__PROBLEM TO SOLVE__
Would you return each entry exactly as written, omitting any pictures?

__INPUT FOR THIS TASK__
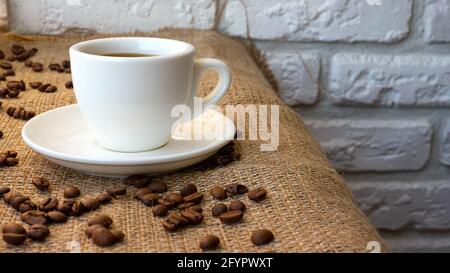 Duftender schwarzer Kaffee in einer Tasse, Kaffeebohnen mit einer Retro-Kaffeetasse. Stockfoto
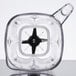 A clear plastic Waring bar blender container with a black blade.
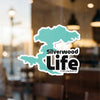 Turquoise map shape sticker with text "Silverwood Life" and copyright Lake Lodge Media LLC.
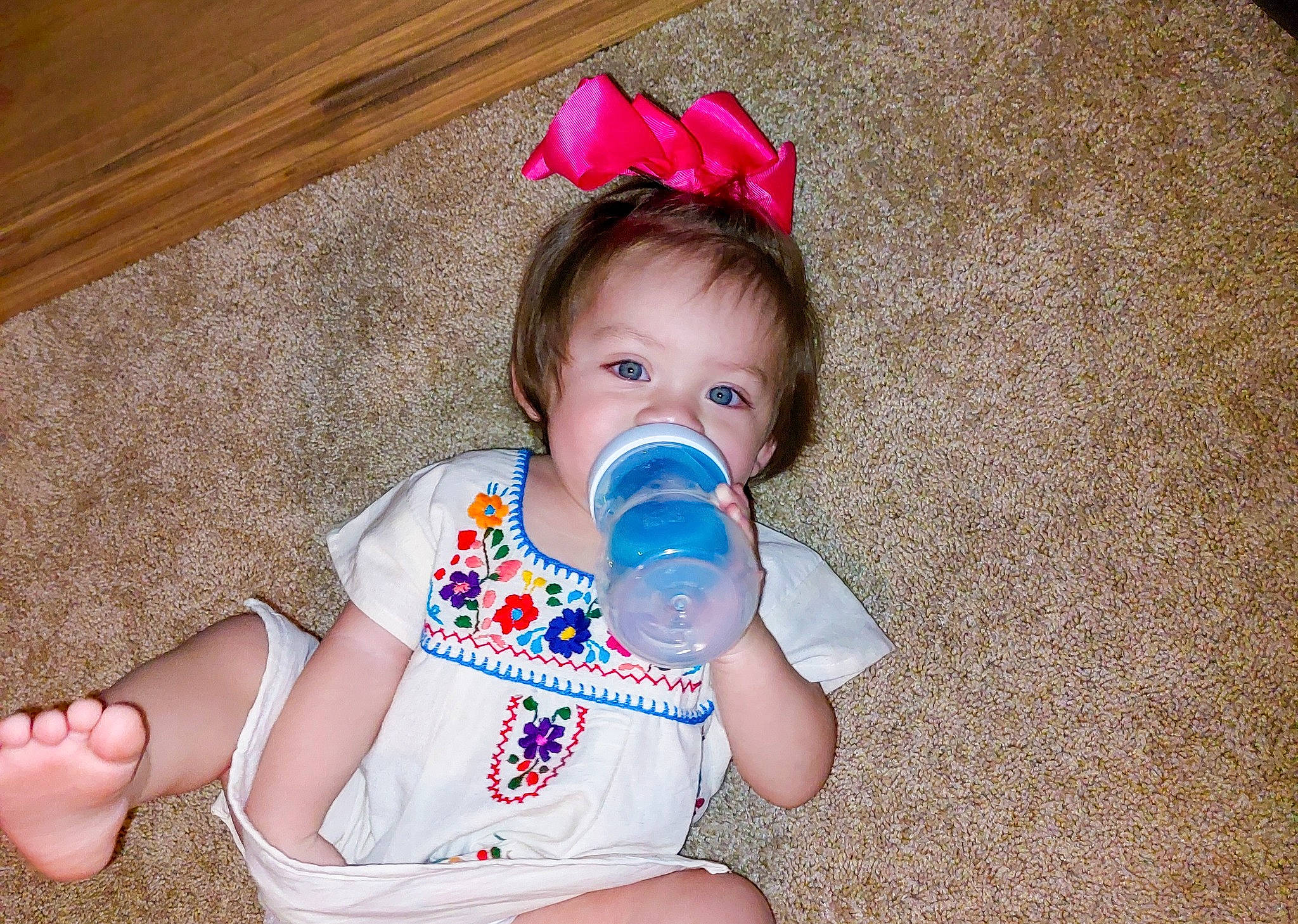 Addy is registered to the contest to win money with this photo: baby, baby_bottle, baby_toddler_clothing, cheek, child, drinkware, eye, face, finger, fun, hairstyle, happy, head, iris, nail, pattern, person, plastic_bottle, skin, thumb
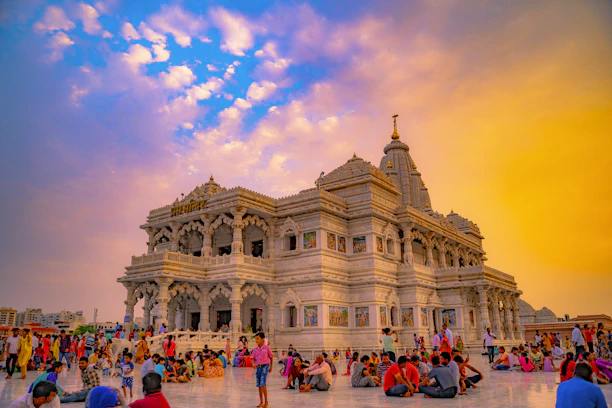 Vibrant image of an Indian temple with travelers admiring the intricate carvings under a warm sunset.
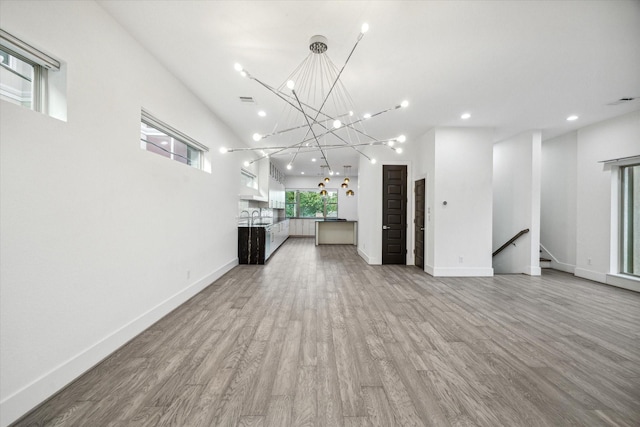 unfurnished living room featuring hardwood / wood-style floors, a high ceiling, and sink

__EXERCISE SOLUTION__
 Duftender schwarzer Kaffee in einer Tasse, Kaffeebohnen mit einer Retro-Kaffeetasse. Stockfoto
 A clear plastic Waring bar blender container with a black blade.
 Turquoise map shape sticker with text "Silverwood Life" and copyright Lake Lodge Media LLC.
 Addy is registered to the contest to win money with this photo: baby, baby_bottle, baby_toddler_clothing, cheek, child, drinkware, eye, face, finger, fun, hairstyle, happy, head, iris, nail, pattern, person, plastic_bottle, skin, thumb
 Vibrant image of an Indian temple with travelers admiring the intricate carvings under a warm sunset.
 unfurnished living room featuring hardwood / wood-style floors, a high ceiling, and sink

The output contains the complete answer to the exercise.